Execute the complete machine learning pipeline with a single command:

python run main.py

This command initiates the entire workflow, processing data through all stages from ingestion to model evaluation.

Verifying Pipeline Output

Navigate to the artifacts folder to examine the output of each pipeline stage:

cd artifacts

Stage-wise Outputs:

data_ingestion/ - Contains the ingested training dataset
data_validation/ - Validation status and reports
data_transformation/ - Transformed datasets and statistical test results
model_trainer/ - Trained model files and parameters
model_evaluation/ - Performance metrics and evaluation reports

Model Tracking & Monitoring

Track all experiments, parameters, and model versions through DagsHub MLflow Integration:

🔗 View Model Tracking Dashboard

Monitor experiment runs, compare model performance, and access detailed logging information for complete pipeline transparency.

MLflow Tracking Interface

⚡ Apache Airflow Pipeline Setup

Prerequisites

Note: Apache Airflow requires Linux-based systems for optimal performance.
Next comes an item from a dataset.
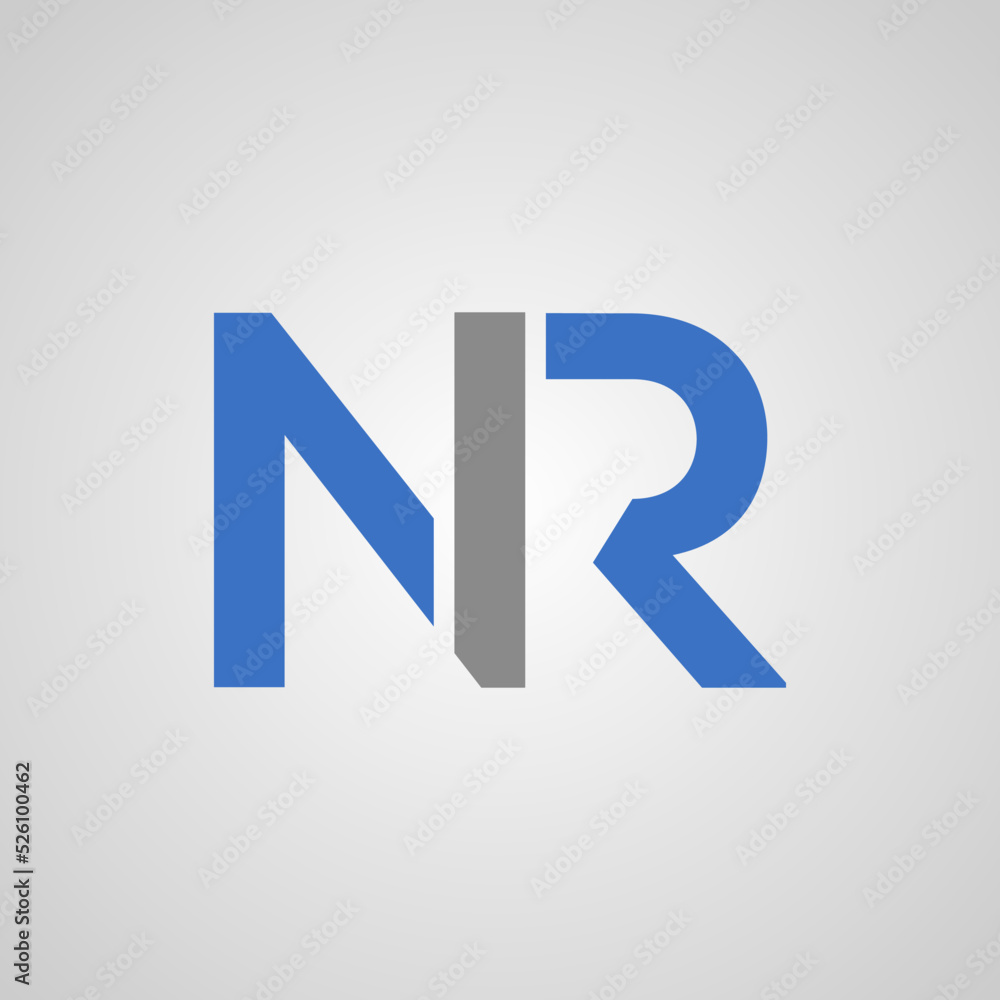 NR initial letter logo design template vector NR initial letter logo design template vector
Windows users should use WSL or Linux environment.

Environment Setup

1. Copy Project to Linux Environment (Windows Users)

cp -r /mnt/d/MachineLearning-PipeLine ~/

2. Install Python and Setup Virtual Environment

# Install Python3 if not already installed
sudo apt update
sudo apt install python3 python3-pip python3-venv

# Navigate to project directory
cd ~/MachineLearning-PipeLine

# Create virtual environment
python3 -m venv venv

# Activate virtual environment
source venv/bin/activate

# Install dependencies
pip install -r requirements.txt

3. Configure Apache Airflow

# Set Airflow home directory
export AIRFLOW_HOME=~/airflow
echo $AIRFLOW_HOME

# Configure Airflow settings
vim ~/airflow/airflow.cfg

-> insert - i
Replace "auth_manager = airflow.api_fastapi.auth.managers.simple.simple_auth_manager.SimpleAuthManager" in airflow.cfg file
with "auth_manager=airflow.providers.fab.auth_manager.fab_auth_manager.FabAuthManager".
After Updation press- > esc -> :wq!

# Create DAGs directory
mkdir -p ~/airflow/dags

# Copy DAG file to Airflow directory
cp model_dag.py ~/airflow/dags/

# Test DAG configuration
python ~/airflow/dags/model_dag.py

4. Launch Airflow Webserver

# Start Airflow standalone mode
airflow standalone

5. Execute Pipeline

Open your web browser and navigate to: http://0.0.0.0:8080
Search for ml_pipeline_dag in the DAGs list
Click on the DAG and trigger the pipeline execution
Monitor the workflow progress through the Airflow UI

Airflow Dashboard Interface

🚀 CI/CD Pipeline & Deployment

Automated Build & Delivery

The pipeline triggers automatically based on code changes and performs the following actions:

Build - Creates Docker images from the application code
Scan - Performs security and vulnerability scans on the built images
Deliver - Pushes the validated images to DockerHub registry

Kubernetes Deployment Local

1. Start Minikube Cluster

# Initialize Minikube cluster
minikube start

2. Deploy Application

# Deploy the application using deployment manifest
kubectl apply -f deployment.yaml

# Check pod status
kubectl get pods

3. Deploy Services

# Apply service configuration
kubectl apply -f service.yaml

# Verify service deployment
kubectl get svc

4. Access Application - Method 1 (Port Forwarding)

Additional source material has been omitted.